According to Statistics Canada, four out of ten Canadians have three or more risk factors for cardiovascular disease; there were almost twice as many women aged 85 years and older diagnosed with ischemic heart disease than men of the same age. A study published in the Journal of American Geriatrics Society found that older adults who engaged in regular physical activity experienced a 29% lowered risk of developing cardiovascular diseases compared to their sedentary counterparts; rates of cardiovascular disease increase as we age – and this affects women more than men.


Research conducted by the American College of Sports Medicine (ACSM) highlights the cost-saving potential of exercise to manage chronic health conditions, such as osteoarthritis and osteoporosis. By improving our physical activity levels – which leads to improved function and mobility – we can diminish the need for costly medical interventions later on, such as joint replacement surgeries, and long-term medication use. A study, published in the Journal of Aging and Health found that physically active seniors incurred 38% less healthcare costs compared to their inactive counterparts.

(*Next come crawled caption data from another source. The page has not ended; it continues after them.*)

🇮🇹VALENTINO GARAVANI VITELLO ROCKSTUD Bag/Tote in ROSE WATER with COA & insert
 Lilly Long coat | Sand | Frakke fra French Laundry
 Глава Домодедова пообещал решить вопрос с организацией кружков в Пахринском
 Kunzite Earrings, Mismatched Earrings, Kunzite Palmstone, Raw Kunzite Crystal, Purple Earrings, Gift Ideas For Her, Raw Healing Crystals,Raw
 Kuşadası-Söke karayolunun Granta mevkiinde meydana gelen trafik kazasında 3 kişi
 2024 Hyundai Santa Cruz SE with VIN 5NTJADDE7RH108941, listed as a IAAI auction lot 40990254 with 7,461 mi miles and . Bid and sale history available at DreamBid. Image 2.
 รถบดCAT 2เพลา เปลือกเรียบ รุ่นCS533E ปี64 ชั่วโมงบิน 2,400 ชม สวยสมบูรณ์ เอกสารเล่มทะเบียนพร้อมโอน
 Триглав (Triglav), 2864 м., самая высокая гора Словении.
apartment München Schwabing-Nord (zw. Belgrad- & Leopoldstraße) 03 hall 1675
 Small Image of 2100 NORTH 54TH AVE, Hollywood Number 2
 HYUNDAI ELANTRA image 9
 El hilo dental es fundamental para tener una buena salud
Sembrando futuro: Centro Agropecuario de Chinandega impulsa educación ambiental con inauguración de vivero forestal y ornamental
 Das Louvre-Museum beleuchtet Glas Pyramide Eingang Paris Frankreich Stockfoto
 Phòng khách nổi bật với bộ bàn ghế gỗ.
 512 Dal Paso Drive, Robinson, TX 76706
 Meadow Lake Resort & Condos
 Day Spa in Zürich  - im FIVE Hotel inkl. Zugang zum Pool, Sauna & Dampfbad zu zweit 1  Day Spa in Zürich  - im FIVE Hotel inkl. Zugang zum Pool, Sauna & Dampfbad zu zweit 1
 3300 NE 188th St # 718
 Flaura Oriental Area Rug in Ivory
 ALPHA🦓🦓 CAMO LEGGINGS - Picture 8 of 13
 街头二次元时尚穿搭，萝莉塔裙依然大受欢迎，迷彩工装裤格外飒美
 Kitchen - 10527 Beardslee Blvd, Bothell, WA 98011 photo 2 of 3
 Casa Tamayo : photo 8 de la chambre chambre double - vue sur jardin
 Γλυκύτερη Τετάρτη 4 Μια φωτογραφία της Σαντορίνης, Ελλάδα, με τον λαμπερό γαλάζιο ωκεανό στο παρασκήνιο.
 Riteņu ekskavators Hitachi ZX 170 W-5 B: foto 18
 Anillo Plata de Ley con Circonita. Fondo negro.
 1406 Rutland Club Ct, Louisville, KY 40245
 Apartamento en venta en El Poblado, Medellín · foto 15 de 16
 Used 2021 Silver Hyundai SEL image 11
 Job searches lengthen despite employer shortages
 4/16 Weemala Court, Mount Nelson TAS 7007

Recently, the World Health Organization estimated that every dollar invested in physical activity interventions yields a $3-5 return in reduced healthcare costs, through curbing chronic health conditions, lower hospitalization rates and less reliance on long-term care services.


And most importantly, we look at quality of life. Physical activity plays a pivotal role in enhancing quality of life, and particularly the ability to live independently. A systematic review published in Age and Ageing found that regular physical activity not only improves physical health but also enhances psychological well-being and cognitive function in older adults. By promoting social engagement and reducing the risk of depression and anxiety, exercise interventions contribute to a higher overall quality of life for seniors.


The ability to retain autonomy is directly related to a sense of purpose and dignity.


The evidence is clear: exercise interventions for seniors offer a multitude of benefits that extend far beyond physical fitness. Through disease prevention, reduced healthcare expenditures, and enhanced quality of life and independence, an investment in improving physical activity levels for seniors will come with significant returns.


As the government tables its budget for 2024, FIC believes that prioritizing and investing in physical activity for seniors is not only economically prudent but also essential for promoting healthy aging and well-being for all.

Fitness Industry Council of Canada (FIC) is the not-for profit trade association that represents the voice of fitness facility operators across Canada. Representing more than 6,000 facilities with more than six-million members nationwide, FIC pursues a legislative agenda in the hope of bettering the fitness industry for both consumers and operators. FIC aims to work with both industry and government to improve the health and physical activity levels of Canadians.